Citation
Kamal, Izdihar
(2022)
Mechanical, medical imaging and radiation properties of computed tomography-based kidney phantom exploiting textural analysis.
Doctoral thesis, Universiti Putra Malaysia.
Abstract
Medical imaging phantom has important role in mimicking the properties of human
tissue for calibration, training, surgical planning, and simulation purposes. Through
standardized quantitative imaging features, the phantom should be able to ascertain
information that cannot be visually assessed via radiomic features. Thus, the stability
and accuracy of the phantom play significant role in diagnostic imaging especially for
the diagnostic performance. This work aimed to introduce an alternative and
straightforward polymer-based phantoms with specific mechanical and dielectric
properties at the utmost suitable for fabrication of computed tomography-based kidney
phantom. To evaluate the influence of Hydrogen Silicone (HS) and water (H2O) on the
compression strength, radiation attenuation properties, and Computed Tomography (CT)

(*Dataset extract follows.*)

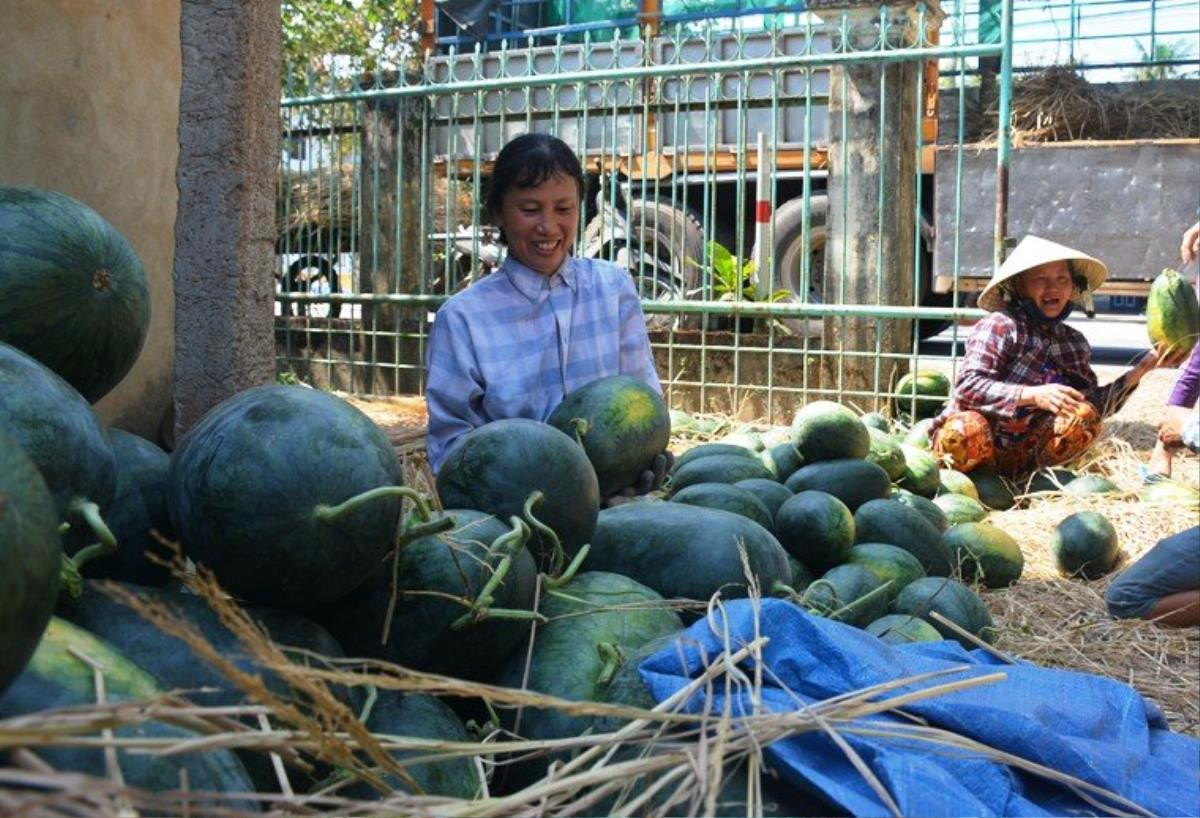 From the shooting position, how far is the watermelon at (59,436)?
1672 mm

number of the blend Polydimethylsiloxane (PDMS) samples as to improve the pure
PDMS properties. A polymer blend is a mixture of two and more polymers that have
been blended to create a new material with different physical properties. Two phantom
based materials; PDMS and silicone elastomer (SE), were investigated for their
capabilities to address the requirements. Four samples were prepared with different
compositions were studied, and denote as samples S1, S2, S3, and S4, which consisted
of PDMS 100%, HS/PDMS 20:80, H2O/PDMS 20:80, and HS/H2O/PDMS 20:40:40,
respectively. Radiation attenuation properties were evaluated using Phy-X/PSD
(Turkey) and XCOM (NIST, USA). The elasticity and dielectric properties of phantom
were superior for the blend HS/PDMS 20:80, besides the effective atomic number and
linear attenuation coefficient has shown a similar pattern with human kidney tissue at
intermediate energy level of 1.50 ⅹ 10-2 MeV to 1.5 MeV. PDMS is superior to SE in
terms of tensile strength, flexibility, acceptable real part of the complex dielectric
constant; Ɛr and conductivity which allows it to become a stable kidney phantom for CT
scan purposes. Overall, HS/PDMS 20:80 with the use of a 120 kVp X-ray beam, the CT
number quantified for sample measured 40 HU and had the highest Contrast-to-Noise
Ratio (CNR) value better than pure PDMS. Therefore, the HS/PDMS 20:80 sample
formulation exhibited the potential to mimic the human kidney as it has a similar dynamic and is higher in terms of stability as a medical phantom. In conclusion the blend
PDMS as the material of choice to be used as a CT-based kidney phantom in terms of
good agreement with compressive strength and radiation attenuation. Notably, the blend
PDMS imitates human tissue more precisely and permits a wide range of possibilities
for exploiting textural analysis and radiation dosimetry. Hence, it promises to be of value
for use in both research and clinical settings for the CT modality as it is physically stable.